Just took a look at the view count, I think it goes without saying that getting this past the coveted half-million mark is all-but-assured! :D

And it's not just the readers and contributers, but yourself and Goblin who've spent the past few years making sure that ETS is the best it can be. Which is what's been keeping me coming back to keep reading this again and again. ^_^
 
A fascinating post as always, e of pi.

One question, is the gravity of Nereus high enough to allow for a wheeled rover, or does the Sojourner-type have to use propellant to keep itself from floating off?

I'm very much "not the authors!" too, a relief to all concerned no doubt.:p IMHO Apollos are more iconic ITTL than the Shuttle is OTL.

The main thing they have against them is that they are so "old hat" they might fade into the background. But that's just the flip side of being the definitive mainstay, the standard American spaceship, the one and only.

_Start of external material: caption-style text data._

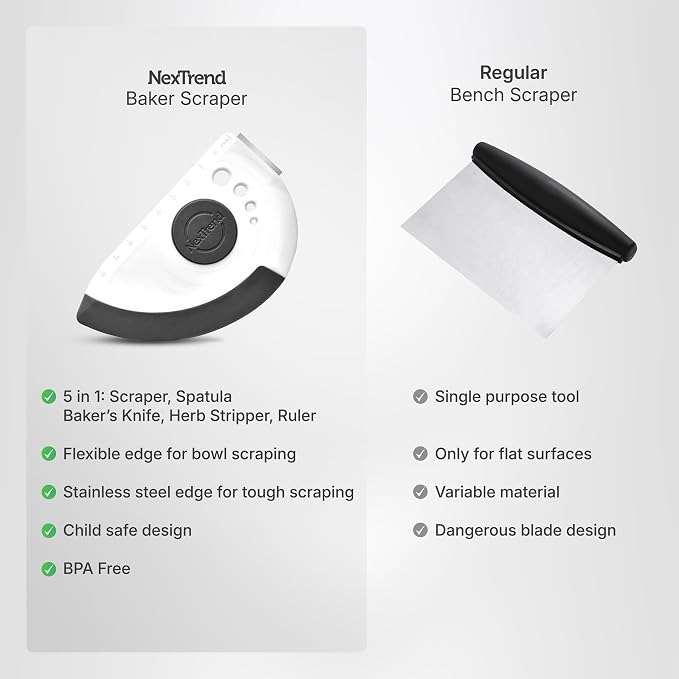 5-in-1 Dough Scraper & Flexible Bowl Scraper by Nextrend, Bread Scraper - Image 5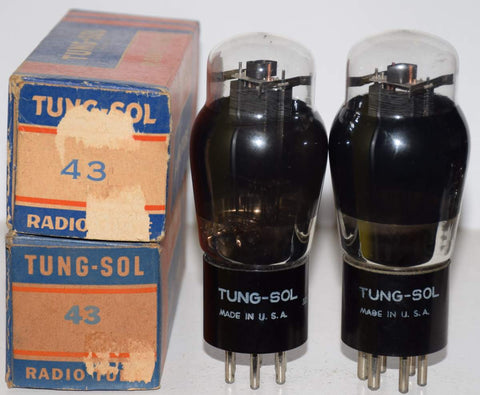 (!) (BEST PAIR) 43 Tungsol NOS 1947-1950 (84/58 and 85/58)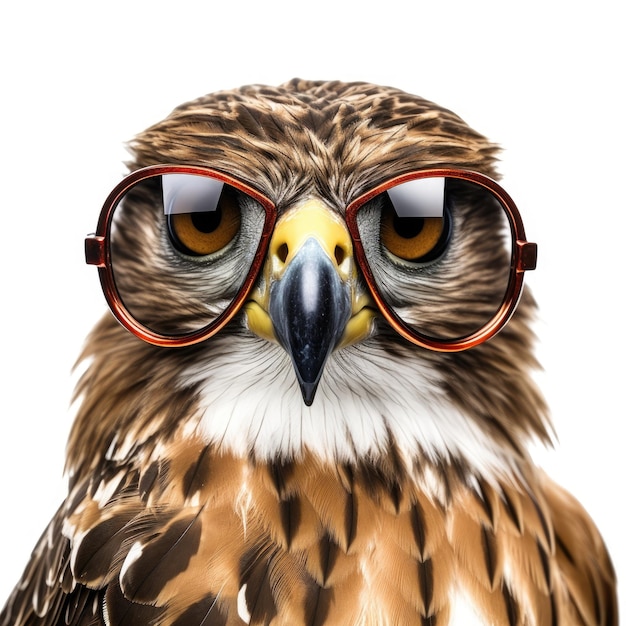 Close-up van Hawk met zonnebril op witte achtergrond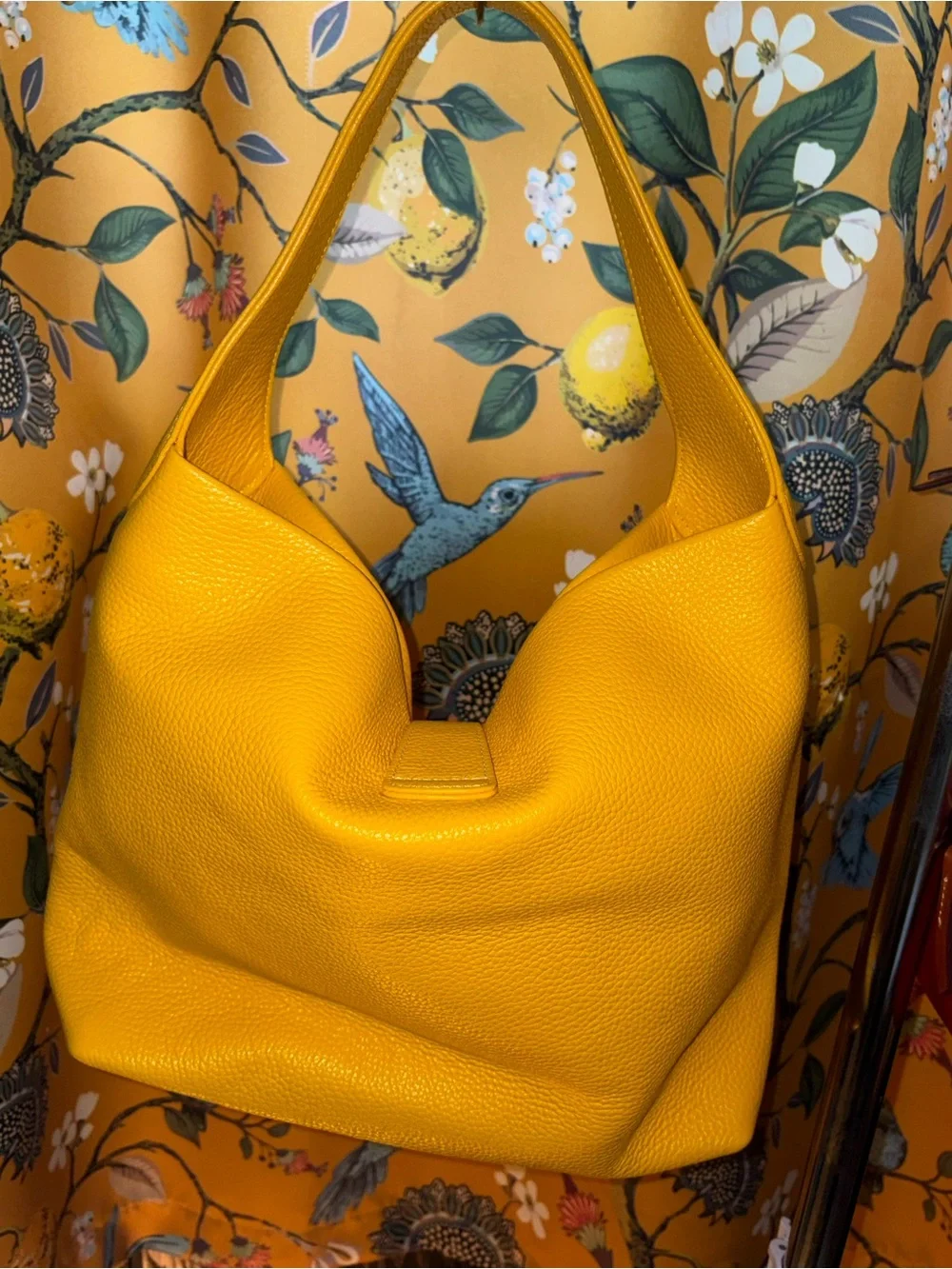 Dooney and Bourke Yellow Sunset Logo Lock Leather Hobo Shoulder Bag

I was just old enough to be aware of the Apollo moon landings--they spanned the years from the one before I went to kindergarten to second grade; then there was Skylab, which I actually saw being taken out of the VAB (or perhaps it was still in it but the doors were open for some reason--I saw it from my Dad's Uncle Dick's boat; he worked for Hughes in some connection to Apollo).

Until the Shuttle finally flew (or for some years in anticipation of it) Apollo was, OTL, the icon of space travel itself--its competitors were science fictional (even STS was a futuristic fantasy until it actually launched). If you look at at in terms of numbers of astronaut flights it overshadowed Gemini, and of course was more recent and up-to-date, and of course in flight hours put Gemini even farther in the shade. We just naturally saw American space flight in terms of Apollo-type vehicles.

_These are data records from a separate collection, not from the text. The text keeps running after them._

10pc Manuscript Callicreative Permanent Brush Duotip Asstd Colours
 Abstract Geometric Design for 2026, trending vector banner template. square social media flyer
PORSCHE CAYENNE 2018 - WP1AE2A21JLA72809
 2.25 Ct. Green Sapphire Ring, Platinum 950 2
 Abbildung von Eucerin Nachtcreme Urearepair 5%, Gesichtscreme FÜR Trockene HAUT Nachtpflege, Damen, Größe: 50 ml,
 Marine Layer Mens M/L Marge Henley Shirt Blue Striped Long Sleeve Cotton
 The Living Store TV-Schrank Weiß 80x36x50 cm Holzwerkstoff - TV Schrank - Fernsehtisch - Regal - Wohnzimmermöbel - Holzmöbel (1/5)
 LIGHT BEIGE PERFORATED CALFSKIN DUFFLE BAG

So now consider the deep impact it would have ITTL! The Apollo launches never end; they just keep making new ones and they change and evolve, but essentially every American who ever went to space, except a handful of first generation pioneers, goes up in some version of Apollo.

I grant that the STS is more recognizable on the launch pad, with the orbiter part of every Apollo being a little bit on the tip of a big Saturn of some kind or other. But that just means the icon has two aspects; the Saturn 1C more closely resembled a mini-Saturn V than the 1B did, and the upgrade to Multibody M02 would be a smooth one, still leaving a recognizable Saturn, now with orange foam!:p

It may be that space travel as a thing would, after the 1970s, sink down in American consciousness, although even in OTL it keeps the interest of a lot of people and is seen as a positive and interesting thing by a solid majority--ITTL that could only be stronger.

But anyway, whenever any American does happen to visualize space travel, to praise or damn it, they will be thinking in terms of Apollo and Saturns; outside of science fiction nothing has ever arisen to displace it, except for its foreign rivals.

I think that's what "iconic" means.
Interesting.

So, given that the Christmas Plot somehow managed to miss Michael Bay, ITTL, Armaggedon would employ Apollos (most likely some bizzare lander with a minigun would be coupled to it) as the spacecraft of choice. I feel strangely comfortable with that thought.